In my last post, I mentioned that I finally cracked and got Netflix. What did I watch first, you ask? Did I go to Stranger Things? The Crown? The Expanse? A Series of Unfortunate Events? Daredevil? Jessica Jones? One of the many shows which demonstrate we are living in the golden age of television? Oh my, no. Me being me, I typed ‘Roman’ into the search box, and this led me straight to Roman Empire: Reign of Blood. Ooh, I think, Netflix takes a shot at Roman historical drama! Netflix has a Midas-like effect on TV shows, right? They can tell any story they want, free from the constraints of network television. Surely this was going to be a different take on Commodus’s story? They wouldn’t just repeat a bunch of lazy Hollywood tropes, would they?

Heh, heh, heh. Silly Past Julian.

Basically, Roman Empire: Reign of Blood follows the Roman emperor Commodus from his boozy adolescence to his rise to power. Comparisons to Gladiator are inevitable; it features many of the same historical characters. The show is a ‘docudrama,’ alternating between scenes of fictional dramatization, interviews with various talking heads, and sequences in which vast swathes of story are narrated by the venerable Sean Bean.

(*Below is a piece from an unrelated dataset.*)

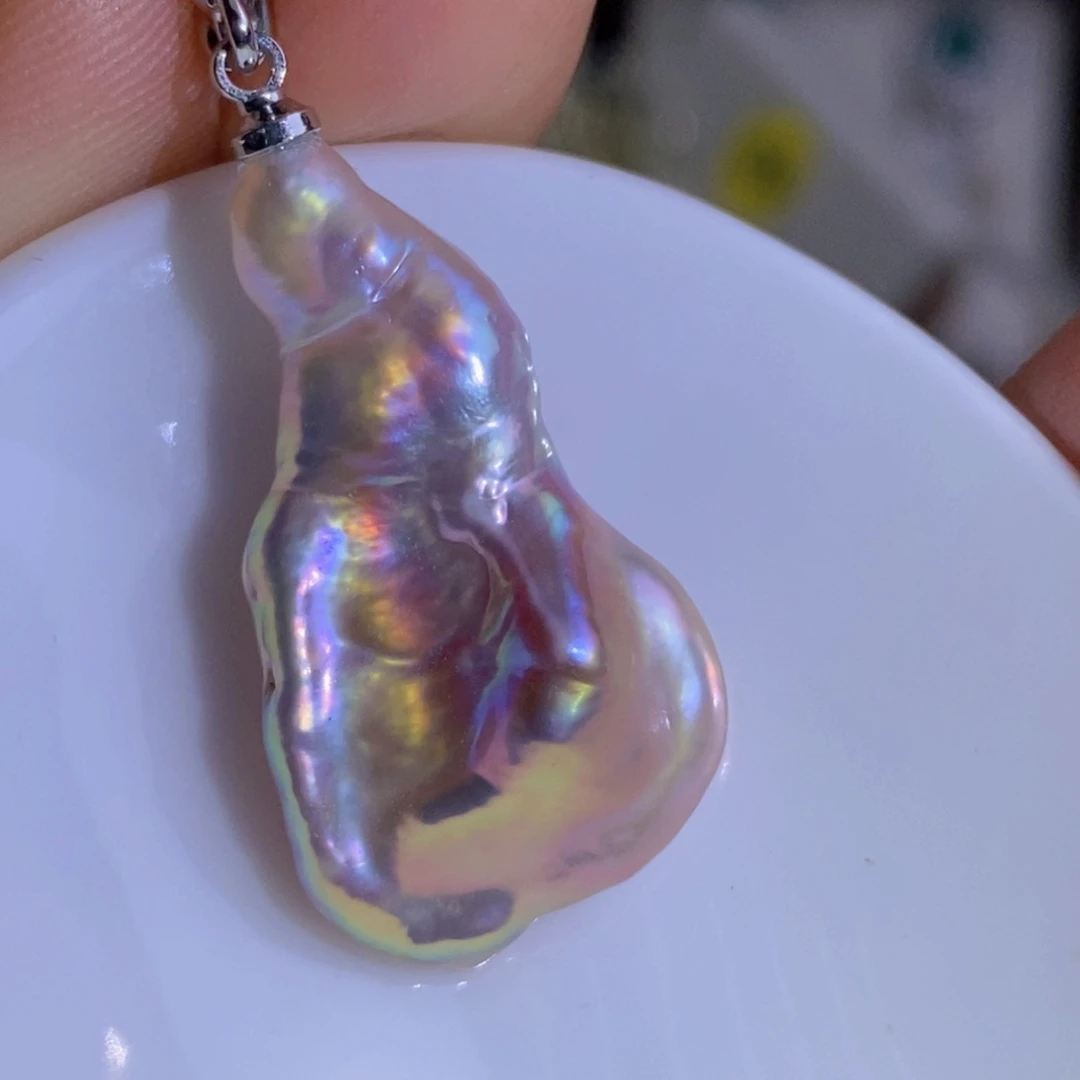 银S925镶嵌天然淡水珍珠淡水珍珠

Given that Sean Bean dies in every movie, I can only assume the narrator was crushed by a vending machine on his way out of the studio. It’s an interesting idea to merge documentary and drama, but by trying to appeal to fans of both genres it fails to please either.

The problem is that by relying on narration and interviews to carry so much of the story, the viewer never really gets the chance to get to know the characters. The series doesn’t show us who these people are so much as it tells us. We’re told in the narration, for example, that Marcus Aurelius is a great philosopher. But we never see this—not in the pilot at least. As a piece of historical fiction, I have my issues with Gladiator, but the way the writers worked lines from Marcus Aurelius’s Meditations into his dialogue was a clever way of telling us he was a philosopher. Here we’ve just got to take Ned Stark’s word for it. The drama scenes feel unfinished. Just when we might get sucked in, it cuts away to somebody talking at us. It would have been far more effective to do either a documentary or a drama, but not both simultaneously. Of course, I’m not sure they had the budget to tell the story as a drama. I can’t help but admire the tenacity of the film-makers as they to make everything look bigger than Ben-Hur, but there’s no getting around the fact that the sets are tiny. Seriously, don’t try to tell me that Commodus is fighting in the Colosseum when it looks smaller than a college amphitheatre.

Any shortcomings in the production values would have been overcome by deep characterisation. I, Claudius had a budget not much greater than old-school Doctor Who, but still was absolutely riveting. Roman Empire is content with sword-and-sandals clichés. We’ve seen this story a million times. It’s basically a bargain basement version Fall of the Roman Empire, with gratuitous sex and violence thrown in for fans of HBO’s Rome. You know what made HBO’s Rome great? It wasn’t the boobs or the blood. The show worked because it subverted stereotypical portrayals of the Romans and invested so heavily in the characterisation. You won’t find that here.

It might seem like I’m venting my spleen at the show, and that’s probably because I am. As a classicist invested in historical fiction, I get frustrated when the same stories get trotted out over and over. Greco-Roman antiquity is such a vast, rich, fertile place for the imagination. There’s a world of stories out there. Did you know that the Roman empire gave us the first romance novels in history? There’s got to be more to historical epics set in antiquity than a bunch of sweaty dudes shouting and swiping at each other with sharp bits of iron. There’s got to be more to Roman female characters than maternal figures and scheming manipulators, more to their sexuality than simply performing for the male gaze. I love Agora not because it’s particularly faithful to the primary sources—it’s not—but as an intellectual character study of Hypatia. I love Centurion because it’s a survival thriller that just happens to be set in antiquity. Novelists have done so many interesting things with the Roman world—detective novels like those Lindsey Davis, children’s adventures such as Caroline Lawrence’s Roman Mysteries. Tansy Rayner Roberts goes so far as to invent a whole new subgenre in Love and Romanpunk.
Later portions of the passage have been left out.